Pop critic Sasha Frere-Jones quits The New Yorker to annotate lyrics for Rap Genius

The influential music journalist jumps ship to an ambitious web venture.

After 11 years at The New Yorker, esteemed pop music critic Sasha Frere-Jones has left the magazine to join Genius, formerly known as Rap Genius, a website that began as a database of annotated rap lyrics. Frere-Jones will be an executive editor at Genius “with a focus on annotations of music lyrics”, according to the site’s founders, Ilan Zechory and Tom Lehman.

Genius, which has received $55 million of venture capital funding, changed its name last year to announce its expansion into other genres (Rock Genius) and beyond music (Lit Genius, which offers annotations of texts by Shakespeare, Chekhov and more).

Frere-Jones said he chose to leave The New Yorker for several reasons, saying that he originally became a critic because he was frustrated that so many people who write about music were “ignorant of its nuances”, as the New York Times reports. Genius addresses that, he said, but unlike crowd-sourced information on Twitter or Facebook, the information on Genius remains easily visible forever.

“And I’ll be honest,” he said. “I don’t want to stay up until 4 am any more at shows, and you can annotate lyrics during the day.” He plans to hire three or four people with “skills were rooted in journalism”, and will kick off by writing some “exemplary posts” for others to follow.
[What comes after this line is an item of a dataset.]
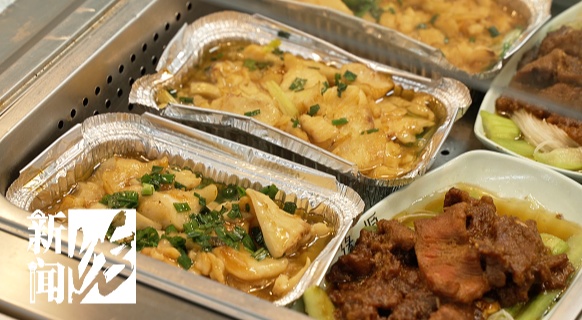 火了!在上海10元能吃3个菜!剩菜盲盒不会真是"剩菜"吧… 火了!在上海10元能吃3个菜!剩菜盲盒不会真是"剩菜"吧…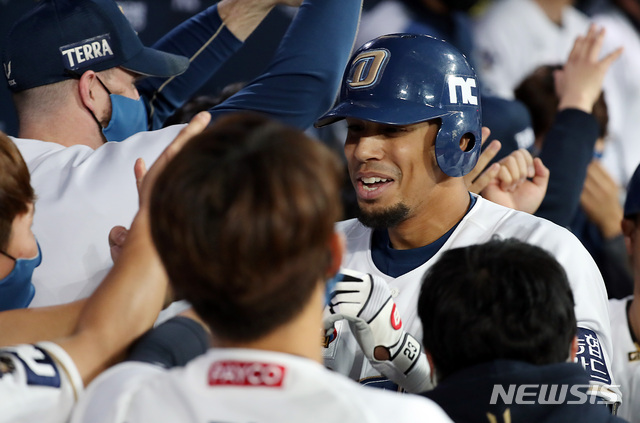 [서울=뉴시스] 이영환 기자 = 17일 오후 서울 구로구 고척스카이돔에서 열린 2020 KBO 한국시리즈 1차전 NC 다이노스와 두산 베어스의 경기, 4회말 1사 1,2루에서 NC 알테어가 스리런 홈런을 날리고 덕아웃에서 기뻐하고 있다. 2020.11.17. 20hwan@newsis.com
Genius has also hired two more journalists to provide annotations on politics and culture. The site was initially criticised by music publishers for using copyrighted lyrics without permission, and in 2013 was forced to sign licensing deals for its content.
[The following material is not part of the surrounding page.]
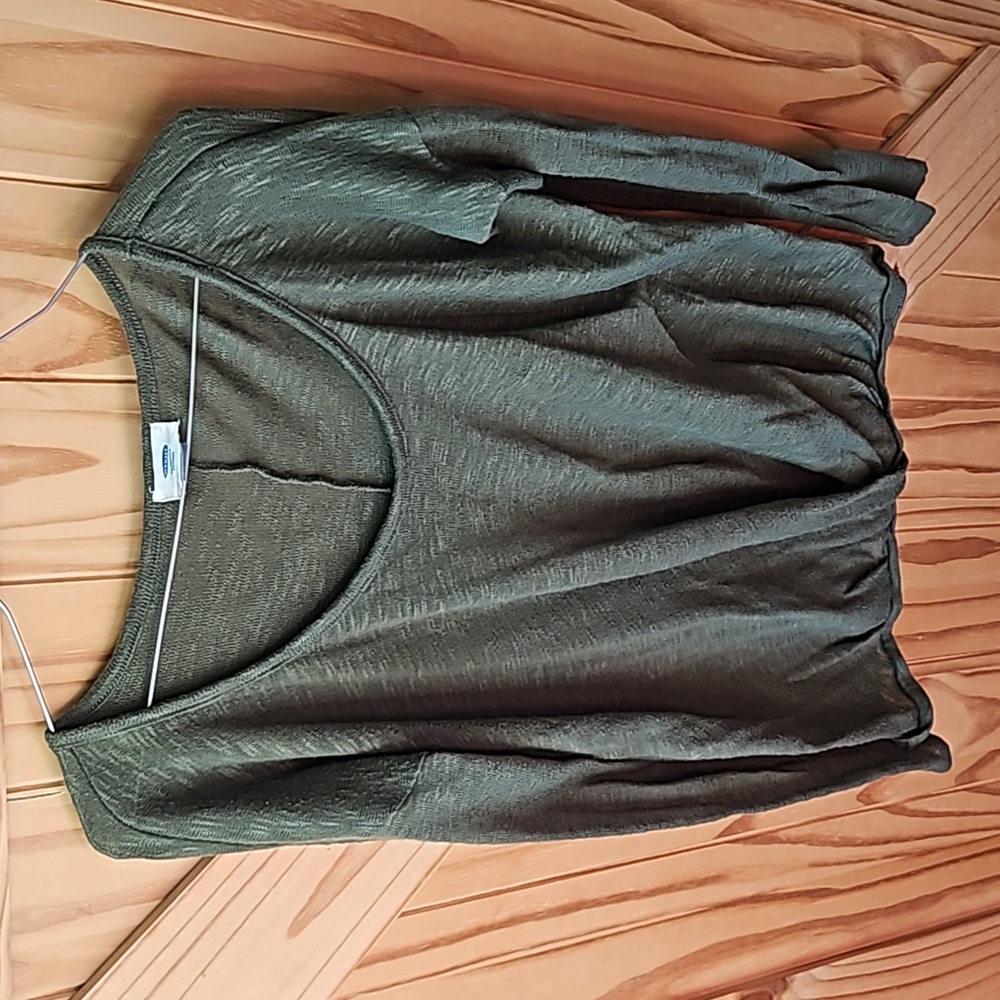 Long sleeves sage green Old Navy Medium women's top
Update: Frere-Jones has made his first post on Genius, introducing himself to the site’s community and setting out his goals for the site. Read an excerpt below and read the full post on Genius.

So what will I be doing? First off, I’ll be annotating – some on my own and a lot with all of you.
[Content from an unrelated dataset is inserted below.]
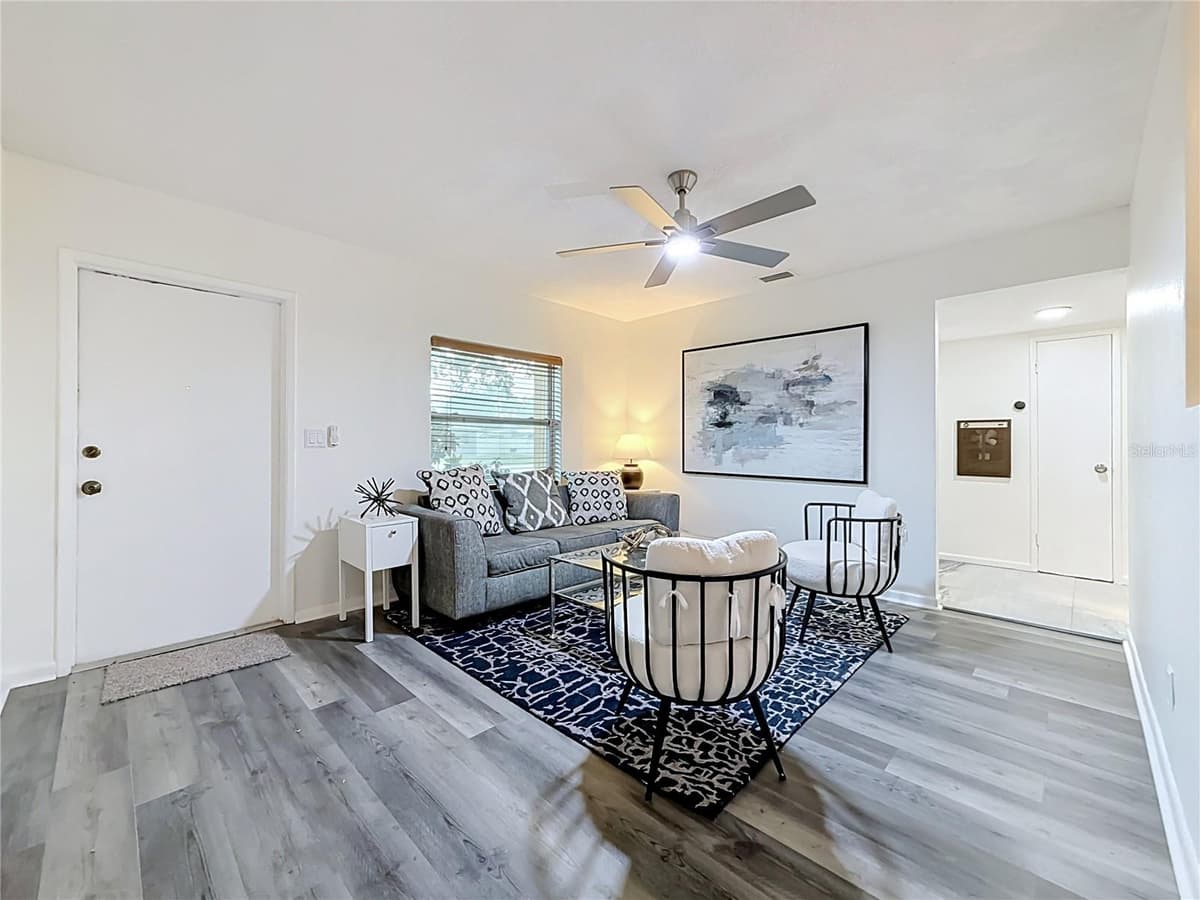 2149 RIVIERA DRIVE — photo 4 of 37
I’ll also work with you all @genius-editorial-board to answer some hard questions. How do we build a community that produces more annotations like this one and fewer like this one? How do we deal with pop? What does the best possible annotated version of Blank Space look like? What kind of artist annotations should we seek out? How do we get more artists annotating other artists’ work?

I’ll bring in artists to tell the stories behind recordings and help correct errors. That doesn’t mean every artist annotation has to be a tablet delivered from on high – some of my favorites are nothing like that, and show that stars can be self-deprecating, too. I’ll also be looking to expand our circle of contributors as well — people who’ve lurked, people who’ve been curious, some who’ve been critical. I will stay awake with you and help make these pages as good as they can be.